A little background: I use unison for bi-directional sync on FreeBSD. Unison does not sync ACLs. So I do not use zfsacl on those shares. I'm trying to use FreeNAS to accomplish similar on another system. I would like to prevent Windows users changing the ACLs on my 'unix' filesystem -- because those ACLs will not replicate which could lockout users.

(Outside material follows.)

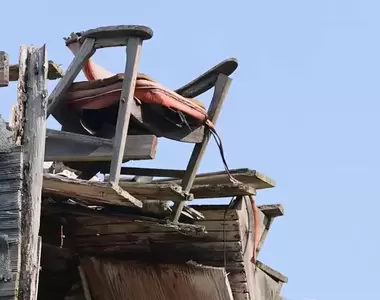 引起網友關注的《廢墟椅子》甚至還成立社團「Chair Watch」有人天天回報掉沒掉下來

I'll paste my smb4.conf below.

Also, I'm curious what technically happens due to setting a filesystem's "share type" to unix/windows/etc.

[global]
    interfaces = 10.10.0.22
    disable netbios = yes
    security = ads
    realm = FOO.LOCAL
    workgroup = FOO
    idmap config *: backend = tdb
    idmap config *: range = 90000001-100000000
    idmap config FOO: backend = rid
    idmap config FOO: range = 20000-90000000
    winbind enum users = yes
    winbind enum groups = yes
    log file = /var/log/samba4/log.foo
    log level = 1
    store dos attributes = yes
    local master = no
    directory name cache size = 0
    domain master = no
    preferred master = no
    syslog = 0

# Work around samba inotify/kqueue bug -- see pcbsd bug 4728, samba bug 11063, serverfault 683623
    kernel change notify = no

[Projects]
    path = /agp1/projects
    veto files = /.snapshot/.windows/.mac/.zfs/Thumbs.db/
    writeable = yes
    browseable = yes
    vfs objects = full_audit
    full_audit:prefix = %u|%I|%m|%S
    full_audit:success = open pwrite
    full_audit:failure = open pwrite
    full_audit:facility = local7
    full_audit:priority = NOTICE
    oplocks = no
    create mask = 0770
    force create mode = 660
    directory mask = 0770
    force directory mode = 770
    strict allocate = yes
    hide unreadable = yes

Samba will only interpret the last "vfs objects" line in a share definition. This means that if you set, for example, the auxiliary parameter "vfs objects = streams_xattr full_audit", then "zfsacl" will no longer be enabled. Do note however that some VFS objects are sensitive about ordering. Try to replicate what you see in FreeNAS under /usr/local/etc/smb4.conf

Setting the share type to "windows" changes the dataset's aclmode property to "restricted". This protects it from having an inerrant chmod break ACLs. On "unix" datasets the aclmode is set to "passthrough".

John Hixson wrote:

Kris Moore wrote:

John, this safe/wise to do?

It's safe. Wise? depends on user case ;-) Honestly, I'm not happy about the VFS objects that are automatically added when on a ZFS filesystem either. I would like the default to be to add them, but to be removable if not wanted (in cases like this). Currently, other than adding to auxiliary parameters to override the entire VFS objects line, there is no way to do this.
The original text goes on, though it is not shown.